Combine statistical models (e.g. GARCH) with machine learning (e.g. XGBoost) when facing volatile regime shifts—such as NFT mint rushes, protocol exploits, or major regulatory announcements—to capture both linear trends and complex nonlinear patterns. - How do I validate a volatility model?
- Backtesting: Compare predicted vs. realized volatility on historical crypto price series.
- Rolling-window evaluation: Measure forecast errors over different timeframes (e.g. 4-hour, daily, weekly).
- Out-of-sample testing: Ensure robustness across bull, bear, and sideways crypto market cycles.
- Backtesting: Compare predicted vs. realized volatility on historical crypto price series.
- What’s the role of multi-timeframe analysis?
Analyzing volatility indicators across multiple timeframes (e.g. 1-hour, 4-hour, daily) helps confirm clustering patterns and reduces false signals by aligning short-term spikes with longer-term trends. - How do I choose the right volatility forecasting method?
- Data availability: Use Rolling Variance or EWMA for limited data; opt for GARCH or ARCH with longer histories.
- Computational resources: Leverage machine learning if you have GPU/CPU capacity; otherwise, stick with fast traditional models.
- Forecast horizon: For intraday estimates, combine high-frequency on-chain signals with EWMA; for longer horizons, GARCH or XGBoost may offer better performance.

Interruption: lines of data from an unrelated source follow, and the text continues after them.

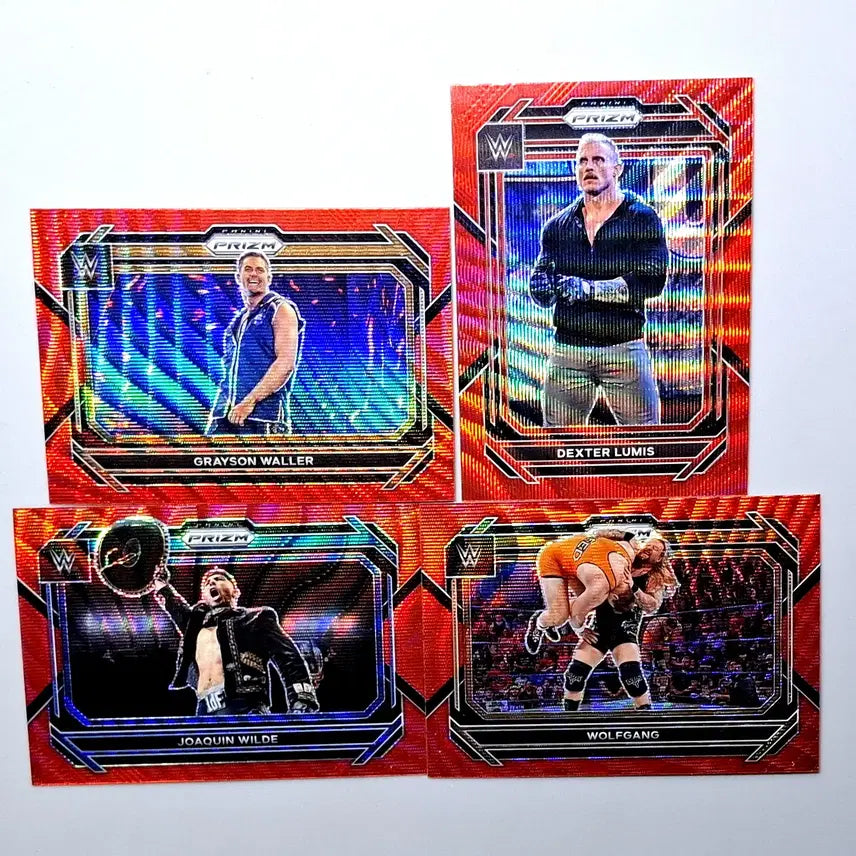 [BUNJANG] WWE Grayson Waller Red Wave Prism 4-Card Lot 2023 Panini Prizm / WWE 그레이슨 월러 등 레드웨이브 프리즘 4장 묶음 2023 파니니 프리즘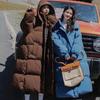 Women's 3XL Thickened Down Cotton Coat Winter Fashion Season Loose Long Knee-length Cotton Coat Jacket Hooded Bread Coat Windbreaker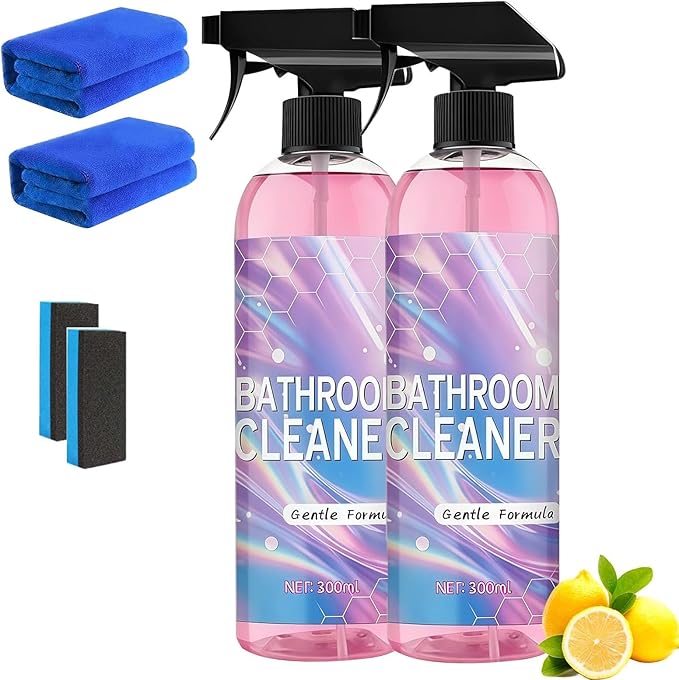 Heavy Duty Bathroom Scrubbing Solution Bathroom Descaler Foam Cleaner Powerful Pink Bathroo𝐦 Cleaner Spray All-Purpose Bathrooms Descaler Foam Spray For FloorShowersGlass Surfaces (2pcs)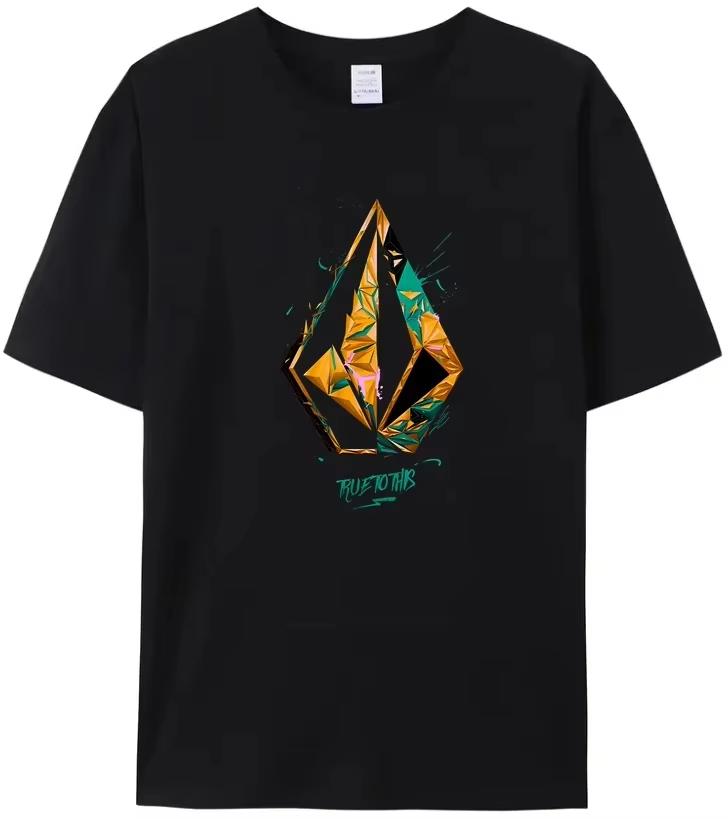 Volcom Мужская Женская Хлопковая Футболка Роскошный Бренд Мода Большой Размер Топ Повседневная С Коротким Рукавом Уличная Одежда Классический Принт Свободная Футболка 2025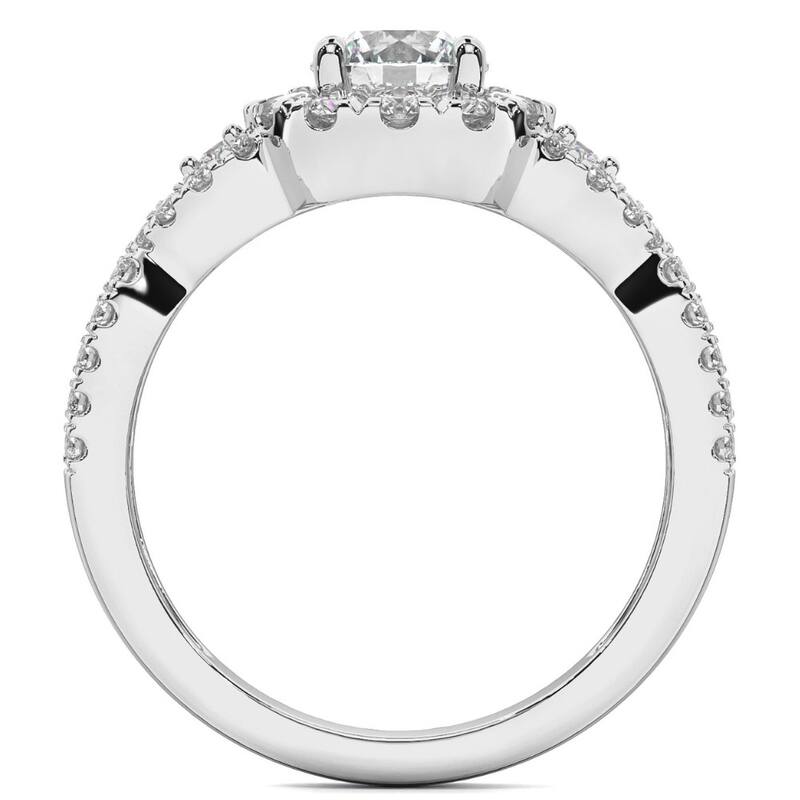 1 1/2Ct Diamond Engagement Ring Halo Twist Band Gold Lab Grown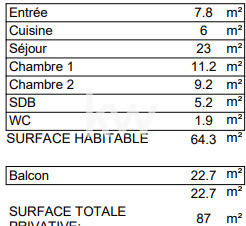 Appartement - 64 m² - 3 pièces
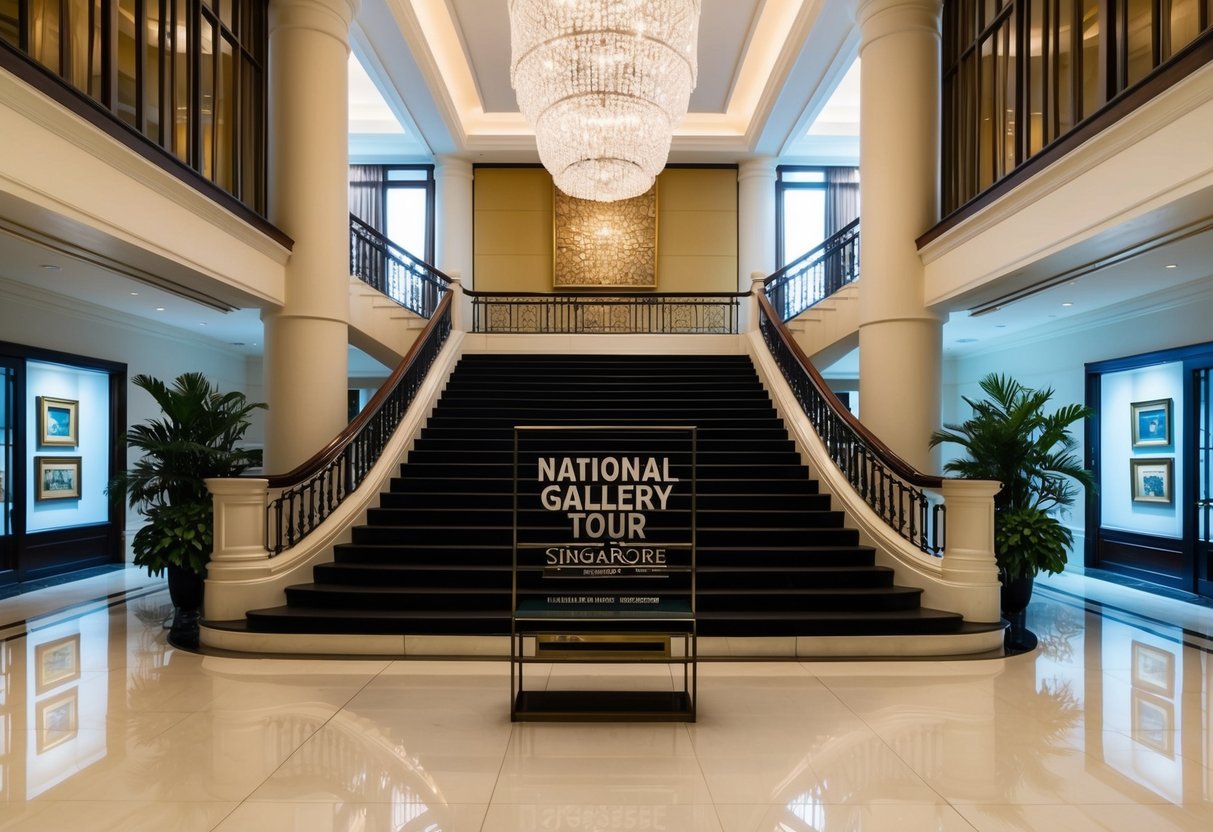 A luxurious hotel lobby with a grand staircase leading to a special exhibition tour promotion for the National Gallery in Singapore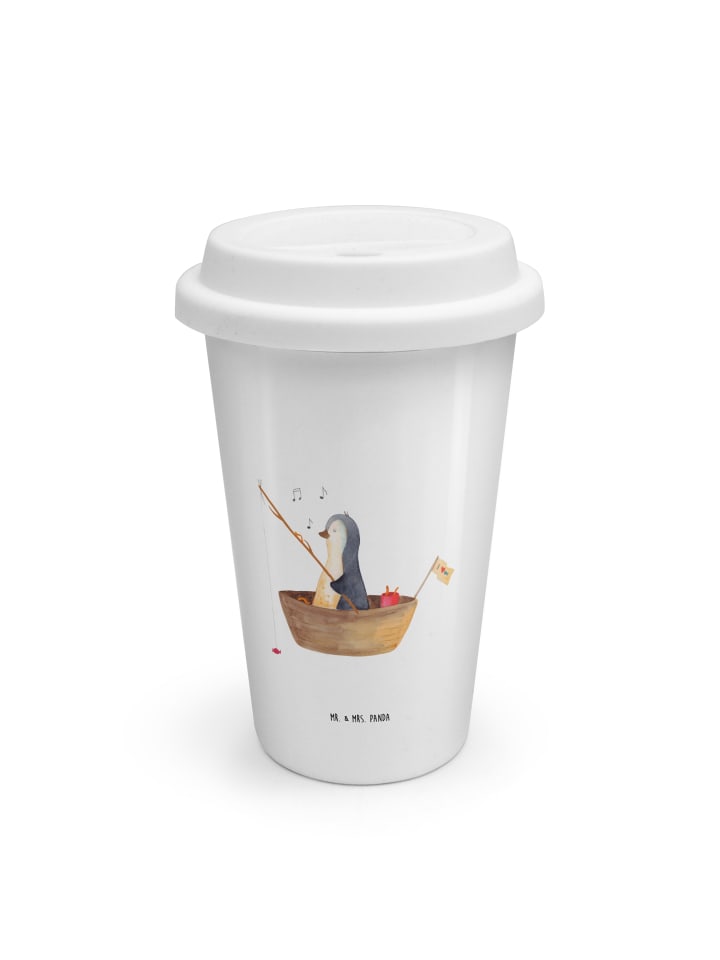 Tumbler Pinguin Angelboot ohne Spruch in Weiß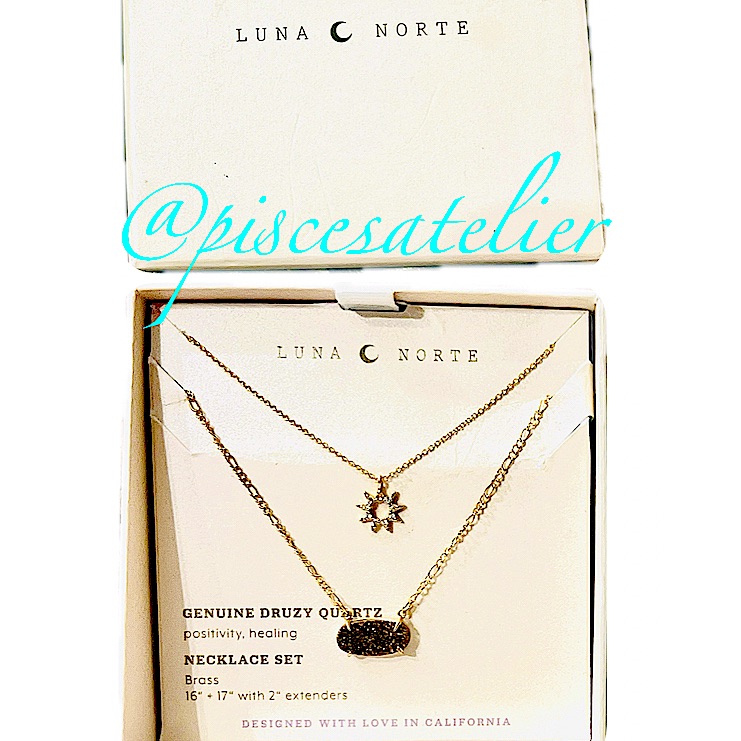 Luna Norte Genuine Brown Druzy Quartz Pendant 14k Gold Plated 162 Necklace Set 65$
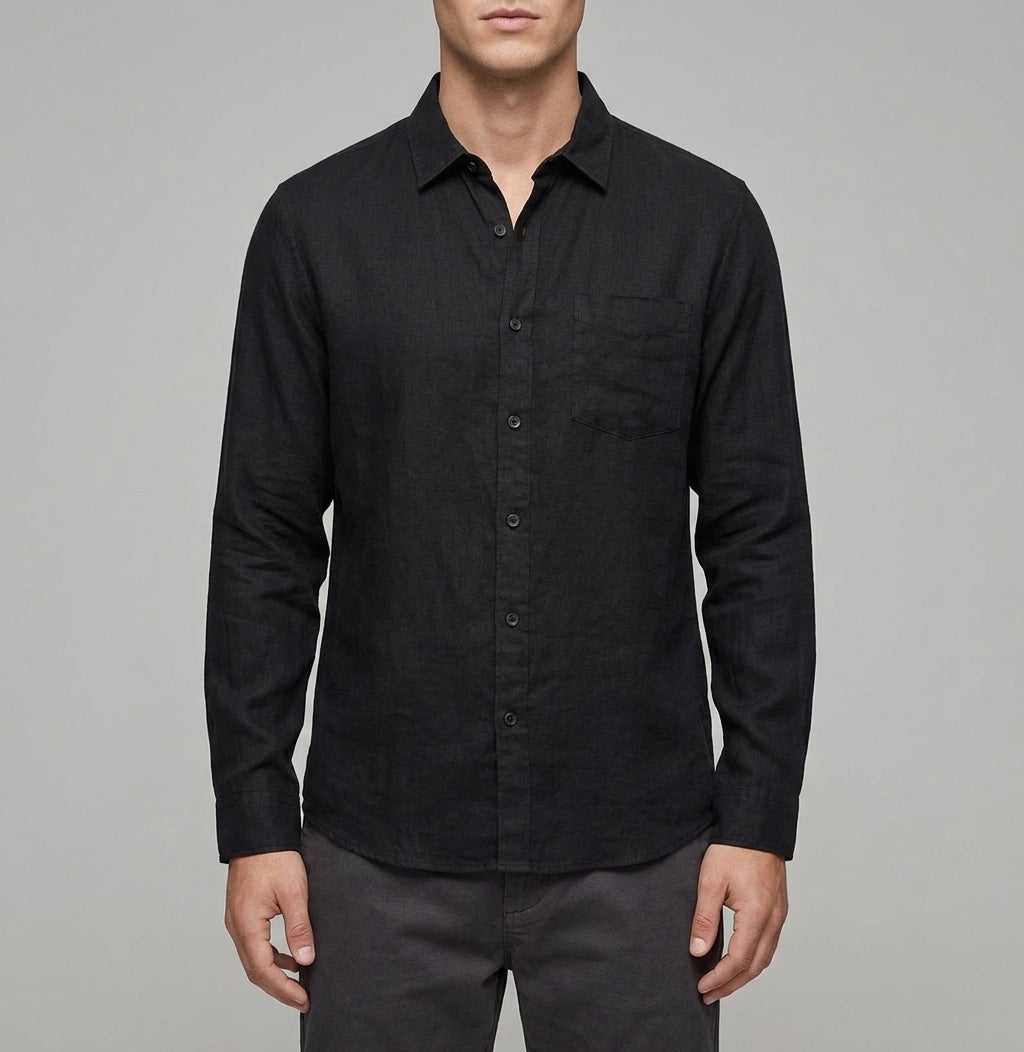 Linen Button-Up Shirt Men – Summer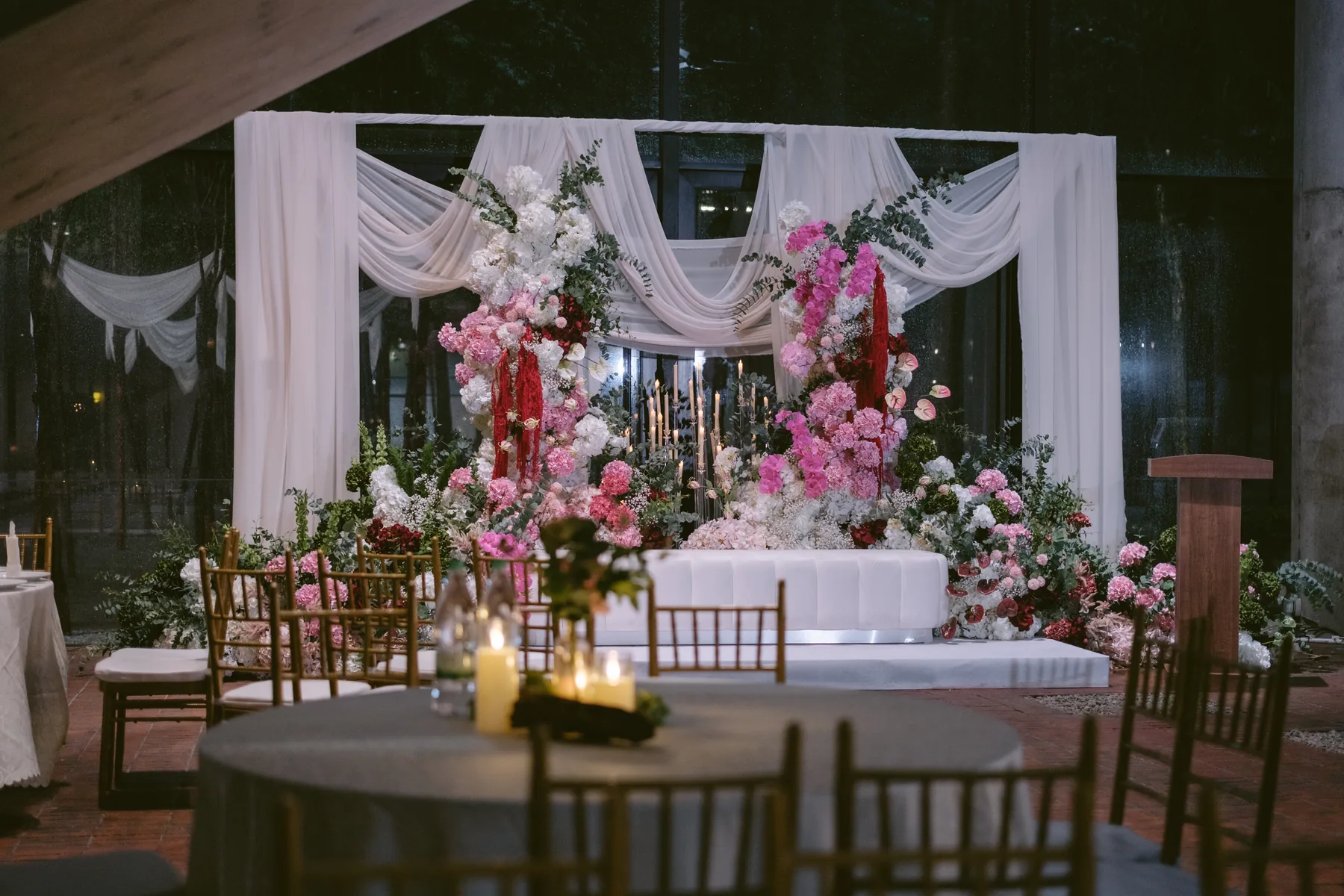 Wedding ceremony inside the Glass Box and Sanctuary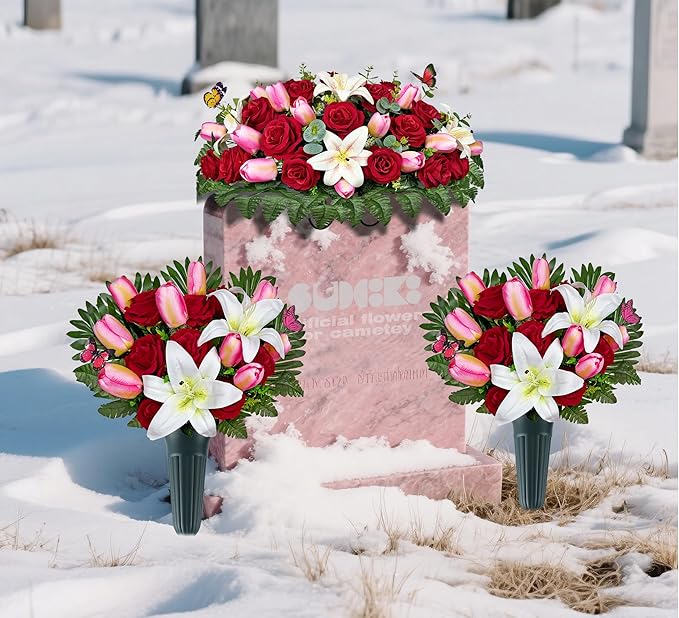 Artificial Cemetery Flowers – Realistic Silk Flower Outdoor Grave Decorations,Headstone Flower Saddle, Non-Bleed Colors, and Easy Fit - Pink Tulip,White Lily and Red Rose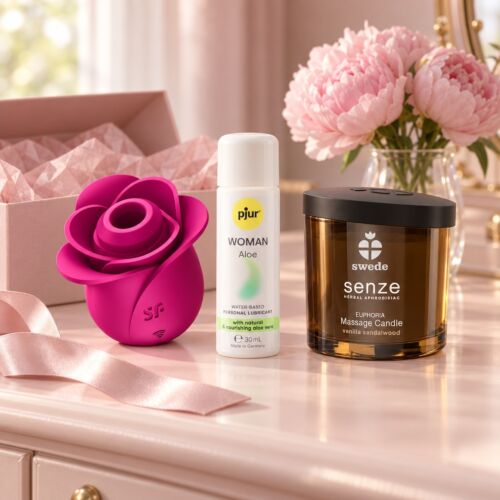 Kit presente para ela com Satisfyer Pro 2 e vela de massagem – cena de ambiente (imagem gerada por IA)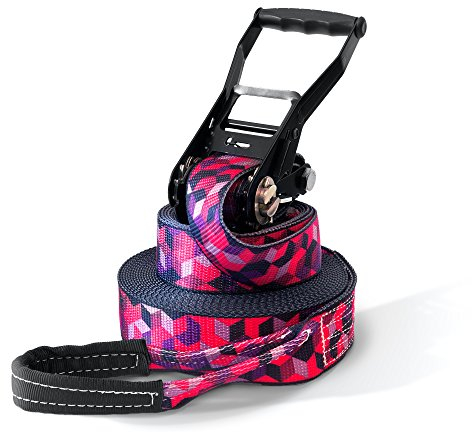 Slackline Set, Cubes, 35 Meter Länge, Komplettset für Kinder, Anfänger, Fortgeschrittene und Profis, inklusive Tragebeutel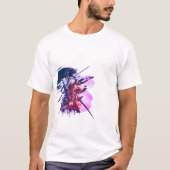 T-shirt Samurai Ink Art T-Shirt-Double Sided Blue & Green (Devant)
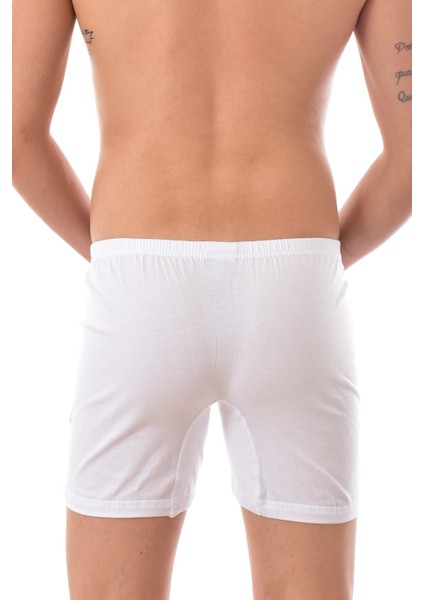 6 Adet 0110 Erkek Paçalı Boxer Beyaz Beyaz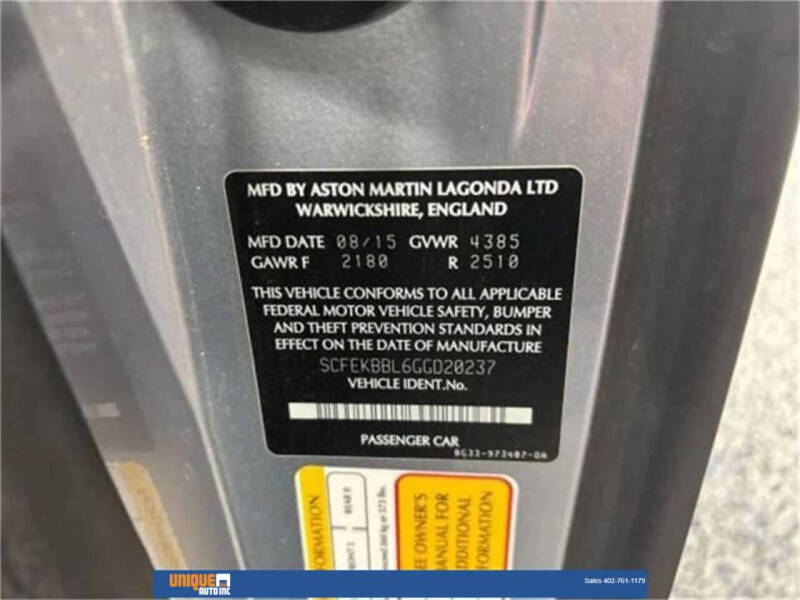 2016 Aston Martin V8 Vantage GT Roadster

- Data availability: Use Rolling Variance or EWMA for limited data; opt for GARCH or ARCH with longer histories.
Conclusion
Volatility is forecasted to be a continuous development field, playing a central role in modern finance. Statistical models such as Garch are still a solid foundation thanks to the interpretation and efficiency, while the methods of machine learning and AI opens up the outstanding potential in complex data exploitation. Choosing the right model requires careful consideration between data, forecasting, and available resources. With a flexible combination and strict assessment, these methods will continue to play an important role in shaping smart and sustainable financial decisions.